Was the yak in the garage or what?

JT


----------



## Redro (Sep 5, 2005)

merde, way too much information!


----------



## DGax65 (Jun 7, 2006)

I guess I just have a sensitive nose, but I hate it when my yak smells bad. All I know is that if I don't wash it after use it takes on a peculiar funk. I don't know; maybe we just have smelly water here :lol: AT LEAST MY YAK DOESN'T SMELL LIKE FRESH POOH! What the hell, Dan? I really don't want to know, but I have to ask. How did you remove the "brown trout" from your yak. Did you use your landing net? Gaff it and fling it over the side? Do an eskimo roll and let gravity do the job? I've never been in such dire extremis that I've resorted to crapping in my yak. That being said; I would think that knowing how to de-crap your kayak would be a valuable bit of information. Just in case I ever look over the side and see the tax man gliding by, I'll probably need this info :shock: :x   :roll:


----------



## bazzoo (Oct 17, 2006)

andybear said:


> Ye Gods!
> 
> And I get cited as a strange man? :shock: :shock:
> 
> ...


 dont get any normaler andy , we loves ya as ya are :lol: :lol:


----------



## Guest (Feb 13, 2007)

DGax65 said:


> I guess I just have a sensitive nose, but I hate it when my yak smells bad. All I know is that if I don't wash it after use it takes on a peculiar funk. I don't know; maybe we just have smelly water here :lol: AT LEAST MY YAK DOESN'T SMELL LIKE FRESH POOH! What the hell, Dan? I really don't want to know, but I have to ask. How did you remove the "brown trout" from your yak. Did you use your landing net? Gaff it and fling it over the side? Do an eskimo roll and let gravity do the job? I've never been in such dire extremis that I've resorted to crapping in my yak. That being said; I would think that knowing how to de-crap your kayak would be a valuable bit of information. Just in case I ever look over the side and see the tax man gliding by, I'll probably need this info :shock: :x   :roll:


He used his big toe to push it through the scupper hole I woulda thought :lol:

Hmmm emergency scupper bung :roll:


----------



## spooled1 (Sep 16, 2005)

OK! You asked but BEWARE, the devil is in the detail. The following is a revolting, disgusting, off putting and environmentally unfriendly interpretation of real life human events. Events such as these should be reserved for emergency situations only and could be considered unacceptable to some readers.
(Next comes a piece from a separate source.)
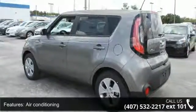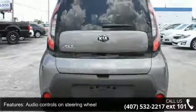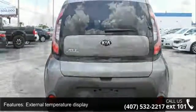Front wheel drive, head airbags, curtain first and second row, and passenger airbag. This vehicle shows low mileage and has a smooth ride.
If you have issues with bowel reality, STOP READING NOW!

Dump in a yak:

#1 - Make sure the coast is clear
#2 - Consider whether its easier paddling to shore
#3 - Remove all or any obstacles including fabric seats, tackle, hooks, knives. 
#4 - Ensure your new makeshit basin area (where you normally sit) is clean and has excellent drainage.
#5 - Perch yourself on the moulded poly back rest, firmly fix your arms on the gunwhales and lock your feet into the footrests to hold balance.
#6 - When you are certain you will not overbalance, go for gold.
#7 - Using the lid of a small tackle box or other cupping device, scoop up the remnants and send them seaward. This part is tricky so make sure you allow plenty of time to disperse all residual matter.
#8 - The left finger wipe is standard practice in countries like India. Again, take plenty of time to ensure hygenic and adequate sanitation.
#9 - A good swirl of the seatwell should have you fishing again comfortably in no time.


----------



## deano (Nov 26, 2006)

I would have thought hanging your arse over the side would have been easier :?:


----------



## bazzoo (Oct 17, 2006)

:shock: :shock: :shock: ,much too much information :shock:


----------



## Guest (Feb 13, 2007)

Somehow I dont think it would work after a heavy night on the bourbon and a feed of curry n rice :?

:lol: :roll: :lol:


----------



## spooled1 (Sep 16, 2005)

Hanging over the side is too risky. These days ya never know what'll come back up and bite you on the arse.


----------



## DGax65 (Jun 7, 2006)

I had to ask:roll: Stupid, Doug, Stupid!


----------



## aleg75 (Dec 20, 2005)

Hmmm think I would just jump overboard and do my business if I was that desperate!


----------



## Peril (Sep 5, 2005)

Reminds me of getting caught short at Bangalore airport and discovering the toilets had no paper when I had giardiasis. Never thought I'd ever pick up the pitcher in the toilet, let alone use it as the locals do. There was a small benefit in the giardia induced consistency (I'm trying to be delicate here)


----------



## Guest (Feb 13, 2007)

Yeah I've had to make a quick run to shore a few times, you will always know if you fish with me as when I get back out I'll be wearing a sleeveless T shirt :shock:

I gave up wearing singlets fishing :lol:


----------



## Biggera Yakker (Jan 25, 2007)

Never thought of using a sleeve before - yakkers are in ingenious bunch!!
Which one do you use first, the left or the right sleeve?


----------